Exercise materials
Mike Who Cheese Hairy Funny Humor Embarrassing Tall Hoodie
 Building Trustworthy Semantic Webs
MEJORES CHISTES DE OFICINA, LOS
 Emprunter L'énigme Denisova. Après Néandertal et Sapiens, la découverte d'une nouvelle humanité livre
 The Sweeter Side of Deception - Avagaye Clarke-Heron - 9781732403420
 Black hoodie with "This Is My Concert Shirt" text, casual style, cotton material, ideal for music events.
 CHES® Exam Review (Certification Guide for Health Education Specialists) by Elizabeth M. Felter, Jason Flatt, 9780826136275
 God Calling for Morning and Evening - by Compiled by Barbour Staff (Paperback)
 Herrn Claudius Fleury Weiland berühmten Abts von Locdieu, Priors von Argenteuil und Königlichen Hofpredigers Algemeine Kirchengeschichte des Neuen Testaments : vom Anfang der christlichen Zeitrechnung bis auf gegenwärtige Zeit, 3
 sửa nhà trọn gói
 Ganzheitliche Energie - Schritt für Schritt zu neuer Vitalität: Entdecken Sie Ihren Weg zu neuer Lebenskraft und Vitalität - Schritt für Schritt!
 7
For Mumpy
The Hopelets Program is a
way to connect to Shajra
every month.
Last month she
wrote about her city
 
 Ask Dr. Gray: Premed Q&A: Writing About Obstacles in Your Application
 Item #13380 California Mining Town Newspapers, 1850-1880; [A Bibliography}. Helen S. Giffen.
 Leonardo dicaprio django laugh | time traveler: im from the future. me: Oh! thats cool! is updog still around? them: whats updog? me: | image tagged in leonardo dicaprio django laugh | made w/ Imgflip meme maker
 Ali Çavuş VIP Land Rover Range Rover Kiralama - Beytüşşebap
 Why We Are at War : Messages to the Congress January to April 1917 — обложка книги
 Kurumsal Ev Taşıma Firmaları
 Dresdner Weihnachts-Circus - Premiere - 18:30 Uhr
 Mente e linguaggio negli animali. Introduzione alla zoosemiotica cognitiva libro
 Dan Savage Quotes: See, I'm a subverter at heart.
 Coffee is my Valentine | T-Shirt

What the task requires
Nothing in the data above may be skipped; repeat it all exactly.

Written answer
Mike Who Cheese Hairy Funny Humor Embarrassing Tall Hoodie
 Building Trustworthy Semantic Webs
MEJORES CHISTES DE OFICINA, LOS
 Emprunter L'énigme Denisova. Après Néandertal et Sapiens, la découverte d'une nouvelle humanité livre
 The Sweeter Side of Deception - Avagaye Clarke-Heron - 9781732403420
 Black hoodie with "This Is My Concert Shirt" text, casual style, cotton material, ideal for music events.
 CHES® Exam Review (Certification Guide for Health Education Specialists) by Elizabeth M. Felter, Jason Flatt, 9780826136275
 God Calling for Morning and Evening - by Compiled by Barbour Staff (Paperback)
 Herrn Claudius Fleury Weiland berühmten Abts von Locdieu, Priors von Argenteuil und Königlichen Hofpredigers Algemeine Kirchengeschichte des Neuen Testaments : vom Anfang der christlichen Zeitrechnung bis auf gegenwärtige Zeit, 3
 sửa nhà trọn gói
 Ganzheitliche Energie - Schritt für Schritt zu neuer Vitalität: Entdecken Sie Ihren Weg zu neuer Lebenskraft und Vitalität - Schritt für Schritt!
 7
For Mumpy
The Hopelets Program is a
way to connect to Shajra
every month.
Last month she
wrote about her city
 
 Ask Dr. Gray: Premed Q&A: Writing About Obstacles in Your Application
 Item #13380 California Mining Town Newspapers, 1850-1880; [A Bibliography}. Helen S. Giffen.
 Leonardo dicaprio django laugh | time traveler: im from the future. me: Oh! thats cool! is updog still around? them: whats updog? me: | image tagged in leonardo dicaprio django laugh | made w/ Imgflip meme maker
 Ali Çavuş VIP Land Rover Range Rover Kiralama - Beytüşşebap
 Why We Are at War : Messages to the Congress January to April 1917 — обложка книги
 Kurumsal Ev Taşıma Firmaları
 Dresdner Weihnachts-Circus - Premiere - 18:30 Uhr
 Mente e linguaggio negli animali. Introduzione alla zoosemiotica cognitiva libro
 Dan Savage Quotes: See, I'm a subverter at heart.
 Coffee is my Valentine | T-Shirt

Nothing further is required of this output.